Thursday, December 17, 2009

NFL Picks Week 15

Last Week - Spread: 8-8
Last Week - Game Winner: 11-5
Overall - Spread: 73-72-1
Overall - Game Winner: 95-51

Indianapolis Colts (-3.5) over Jacksonville Jaguars
Game Winner: Indianapolis Colts

Number of teams that rest their players after securing #1 seeds: almost everyone. Number of teams that go on to win the Super Bowl title: I can't think of any. As everyone has already pointed out, the only time the Colts won was when they were the #3 seed and played hard every week. Another exciting stat: The amount Jim Caldwell has contributed to Indianapolis' success: zero. To take another shot at him, what is the percentage of people (outside of Indy) that would recognize him if they saw him walking on the street? Approximately 3.7%.

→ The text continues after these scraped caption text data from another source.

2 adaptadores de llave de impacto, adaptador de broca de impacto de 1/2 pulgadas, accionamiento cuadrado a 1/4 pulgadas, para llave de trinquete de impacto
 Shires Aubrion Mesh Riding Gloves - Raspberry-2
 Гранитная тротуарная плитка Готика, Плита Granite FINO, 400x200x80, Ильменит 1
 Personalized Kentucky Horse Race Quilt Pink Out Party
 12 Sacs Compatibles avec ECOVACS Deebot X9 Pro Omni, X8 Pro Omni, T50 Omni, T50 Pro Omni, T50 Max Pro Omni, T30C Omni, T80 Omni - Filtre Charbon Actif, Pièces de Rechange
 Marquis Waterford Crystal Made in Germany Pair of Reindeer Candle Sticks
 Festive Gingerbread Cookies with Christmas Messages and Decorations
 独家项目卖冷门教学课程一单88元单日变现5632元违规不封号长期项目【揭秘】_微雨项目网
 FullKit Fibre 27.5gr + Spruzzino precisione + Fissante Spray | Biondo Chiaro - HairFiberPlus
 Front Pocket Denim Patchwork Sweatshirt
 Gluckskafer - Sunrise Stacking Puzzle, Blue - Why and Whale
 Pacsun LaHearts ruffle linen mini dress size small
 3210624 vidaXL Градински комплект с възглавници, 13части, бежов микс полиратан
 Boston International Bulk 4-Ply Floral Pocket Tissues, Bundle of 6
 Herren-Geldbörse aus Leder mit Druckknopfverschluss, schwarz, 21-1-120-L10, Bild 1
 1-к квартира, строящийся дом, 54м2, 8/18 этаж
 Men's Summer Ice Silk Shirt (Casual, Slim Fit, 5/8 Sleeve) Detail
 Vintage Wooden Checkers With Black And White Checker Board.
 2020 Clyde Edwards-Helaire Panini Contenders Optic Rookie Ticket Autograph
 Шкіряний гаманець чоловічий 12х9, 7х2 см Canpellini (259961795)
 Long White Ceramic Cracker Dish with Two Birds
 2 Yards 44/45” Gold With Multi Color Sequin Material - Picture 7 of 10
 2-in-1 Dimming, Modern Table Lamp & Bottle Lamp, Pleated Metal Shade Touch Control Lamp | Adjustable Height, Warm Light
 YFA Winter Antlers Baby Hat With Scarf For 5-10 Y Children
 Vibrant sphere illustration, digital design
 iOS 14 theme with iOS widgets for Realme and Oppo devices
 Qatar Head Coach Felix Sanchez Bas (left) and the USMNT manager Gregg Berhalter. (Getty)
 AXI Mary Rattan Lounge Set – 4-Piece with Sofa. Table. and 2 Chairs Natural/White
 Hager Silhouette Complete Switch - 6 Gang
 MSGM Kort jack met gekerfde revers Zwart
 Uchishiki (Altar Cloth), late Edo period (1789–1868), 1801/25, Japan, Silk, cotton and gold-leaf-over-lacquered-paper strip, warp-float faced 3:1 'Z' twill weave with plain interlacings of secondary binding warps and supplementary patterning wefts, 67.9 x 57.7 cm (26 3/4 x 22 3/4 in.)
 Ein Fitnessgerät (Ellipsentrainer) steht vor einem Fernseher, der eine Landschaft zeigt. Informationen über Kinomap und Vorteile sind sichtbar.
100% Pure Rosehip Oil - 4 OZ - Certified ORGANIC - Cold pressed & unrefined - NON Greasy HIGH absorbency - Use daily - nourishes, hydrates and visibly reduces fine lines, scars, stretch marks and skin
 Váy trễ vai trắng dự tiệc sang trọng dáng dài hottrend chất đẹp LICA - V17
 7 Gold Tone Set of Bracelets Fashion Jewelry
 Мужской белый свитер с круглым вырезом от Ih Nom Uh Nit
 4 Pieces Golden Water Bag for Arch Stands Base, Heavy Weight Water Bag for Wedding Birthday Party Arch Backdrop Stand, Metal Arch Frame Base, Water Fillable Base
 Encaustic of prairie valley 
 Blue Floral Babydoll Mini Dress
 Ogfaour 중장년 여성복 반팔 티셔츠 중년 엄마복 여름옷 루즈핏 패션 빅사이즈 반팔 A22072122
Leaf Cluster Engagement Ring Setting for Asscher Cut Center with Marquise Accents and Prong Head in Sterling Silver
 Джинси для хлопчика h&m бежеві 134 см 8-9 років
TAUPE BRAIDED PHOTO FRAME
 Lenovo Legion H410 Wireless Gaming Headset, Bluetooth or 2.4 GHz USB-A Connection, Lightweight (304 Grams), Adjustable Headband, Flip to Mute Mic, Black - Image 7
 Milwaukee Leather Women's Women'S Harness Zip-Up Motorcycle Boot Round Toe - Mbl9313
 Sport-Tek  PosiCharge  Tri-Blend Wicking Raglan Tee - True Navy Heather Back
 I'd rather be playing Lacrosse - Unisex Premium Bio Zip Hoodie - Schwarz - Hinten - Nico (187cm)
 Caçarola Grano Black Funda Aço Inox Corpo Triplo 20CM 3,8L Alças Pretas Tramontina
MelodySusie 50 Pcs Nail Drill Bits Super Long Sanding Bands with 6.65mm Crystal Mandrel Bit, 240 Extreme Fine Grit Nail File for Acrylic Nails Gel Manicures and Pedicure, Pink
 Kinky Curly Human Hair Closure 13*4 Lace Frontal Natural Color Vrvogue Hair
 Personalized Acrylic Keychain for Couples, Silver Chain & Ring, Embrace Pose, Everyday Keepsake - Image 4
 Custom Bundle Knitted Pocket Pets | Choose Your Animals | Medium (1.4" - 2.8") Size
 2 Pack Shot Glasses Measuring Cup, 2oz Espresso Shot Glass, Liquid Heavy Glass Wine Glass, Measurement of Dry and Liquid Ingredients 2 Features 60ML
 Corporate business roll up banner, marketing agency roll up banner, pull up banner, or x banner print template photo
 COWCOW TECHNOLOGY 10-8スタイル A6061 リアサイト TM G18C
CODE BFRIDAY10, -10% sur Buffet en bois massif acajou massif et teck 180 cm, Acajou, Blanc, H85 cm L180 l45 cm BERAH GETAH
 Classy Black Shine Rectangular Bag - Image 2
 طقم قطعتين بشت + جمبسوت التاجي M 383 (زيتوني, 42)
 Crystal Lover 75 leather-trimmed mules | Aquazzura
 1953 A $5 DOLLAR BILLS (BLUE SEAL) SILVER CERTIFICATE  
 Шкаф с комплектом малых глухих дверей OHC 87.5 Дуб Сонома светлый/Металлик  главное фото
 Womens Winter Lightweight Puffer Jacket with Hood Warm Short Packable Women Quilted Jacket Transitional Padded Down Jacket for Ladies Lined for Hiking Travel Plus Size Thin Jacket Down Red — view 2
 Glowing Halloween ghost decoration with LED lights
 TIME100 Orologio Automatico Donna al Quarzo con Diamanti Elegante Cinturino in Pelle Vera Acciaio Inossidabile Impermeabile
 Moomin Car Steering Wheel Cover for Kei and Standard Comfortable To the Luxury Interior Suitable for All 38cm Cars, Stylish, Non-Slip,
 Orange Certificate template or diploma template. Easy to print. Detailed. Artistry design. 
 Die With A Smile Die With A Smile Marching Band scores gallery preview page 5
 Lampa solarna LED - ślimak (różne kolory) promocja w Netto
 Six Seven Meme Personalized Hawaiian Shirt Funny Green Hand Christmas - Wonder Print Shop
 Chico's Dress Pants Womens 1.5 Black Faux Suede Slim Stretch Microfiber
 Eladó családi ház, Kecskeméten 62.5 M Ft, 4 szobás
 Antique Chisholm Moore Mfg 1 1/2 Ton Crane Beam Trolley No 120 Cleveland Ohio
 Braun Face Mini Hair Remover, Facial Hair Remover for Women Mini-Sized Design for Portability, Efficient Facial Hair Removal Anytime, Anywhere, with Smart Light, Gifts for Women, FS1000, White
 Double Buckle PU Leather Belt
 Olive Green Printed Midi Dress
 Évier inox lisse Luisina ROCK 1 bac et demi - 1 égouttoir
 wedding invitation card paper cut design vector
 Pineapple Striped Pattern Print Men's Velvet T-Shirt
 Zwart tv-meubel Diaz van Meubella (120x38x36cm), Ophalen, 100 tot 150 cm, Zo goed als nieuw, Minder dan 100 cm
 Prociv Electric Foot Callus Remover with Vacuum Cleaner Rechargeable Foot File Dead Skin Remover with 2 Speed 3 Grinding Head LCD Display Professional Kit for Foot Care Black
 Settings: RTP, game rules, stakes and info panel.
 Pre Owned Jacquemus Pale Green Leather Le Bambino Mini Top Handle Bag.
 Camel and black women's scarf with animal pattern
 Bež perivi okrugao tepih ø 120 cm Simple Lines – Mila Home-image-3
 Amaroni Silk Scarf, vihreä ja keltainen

Dallas Cowboys (+7) over New Orleans Saints
Game Winner: New Orleans Saints

Indy and New Orleans might be the two worst 13-0 teams ever. You know they're especially bad when ESPN analysts don't unanimously, or at least almost unanimously pick them to: a.) win each week and b.) make the Super Bowl. Truthfully, I really wanted to pick Dallas to win this game, but as we all know, it's December, which means 3 things . . . Wade Phillips' only solace from his team's yearly breakdown is eating his 18 daily Big Macs. Jerry Jones is hiring even more attractive cheerleaders to make his fans forget that they won't make the playoffs. And lastly, Tony Romo has a stupid smile on his face. On another note: Did anyone else jump for joy when Romo became the holder again?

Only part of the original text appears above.